Friday, March 03, 2006

Café Society

Sartre did it. Hemingway did it. Today, the lovable Miss Rowlings does it. So how about you? Do you do it? That is, do you ever write in cafés?

I do. In fact I love to. You'll find me sitting in one of several locations around town for at least five or six hours every week. I call these places my East Side, Downtown, and Pearl District offices, respectively. The servers know me and they leave me be, so I spend generously on lattes and treats while I'm there for the privilege of owning a table.

On that note, I bring your attention to this interesting article in the Toronto Star:
Café society
You see them holed up in coffee shops across the city: people writing in journals and on laptops.
Feb. 26, 2006. 03:13 AM

She sits at the back of the café with her lined notepad, her books — poems by Billy Collins, Ayn Rand's The Fountainhead — and a look of dreamy possibility.

Where will her thoughts take her today? To the unfortunate man, head drooped in sleep, at a nearby table? To thoughts of love, for she is young, pretty and unattached? To a play she will soon be acting in?

What matters is that Tracy Michailidis writes, three pages every day and often in this café, Alternative Grounds. "I'll write about anything," she says, "anything to get the pond scum off the top of my brain."

She's not alone. Other writers are nearby, as well as couples meeting over their laptops. Since 7 a.m., Marianne Apostolides has been sitting in the front window of the Roncesvalles Ave. café, with its ochre walls and racks of rummage sale mugs, the orderly pages of her novel spread before her.

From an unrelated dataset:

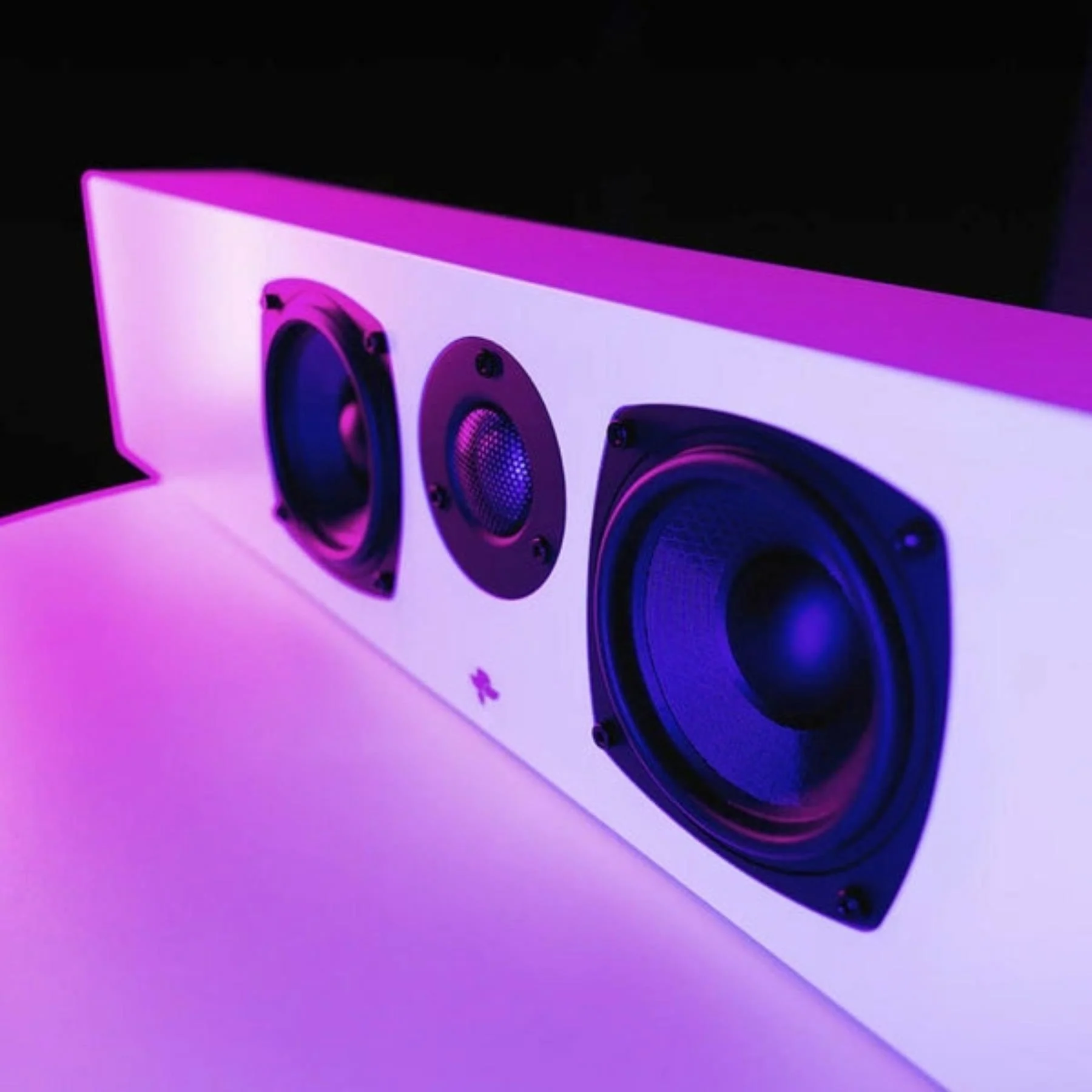 KIN Solo On‑Wall Speaker – Satin White - Image 6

Across the city, novelists, artists, architects, musicians, playwrights, screenwriters and poets abandon their homes for café society — the whiz and hum of espresso machines, the murmur of conversations, the distraction and inspiration of fellow beings. They plunge into zones of concentration, somehow magically encountering their muse while music — Motown, Cuban revival, Patti Smith, the Pixies — roars around them.”

And apparently this has been going on for a very long time. Back to the article:
Writers have fled to these comforting, strangely freeing public places for centuries. Of course, the cafés most steeped in literary history are in Paris, and it was there that the template for writing in cafés appears to have been set.

Some are places of legend, such as the Le Procope, opened in 1686, where Voltaire and Rousseau were regulars, and where Diderot first conceived of his famous Encyclopédie.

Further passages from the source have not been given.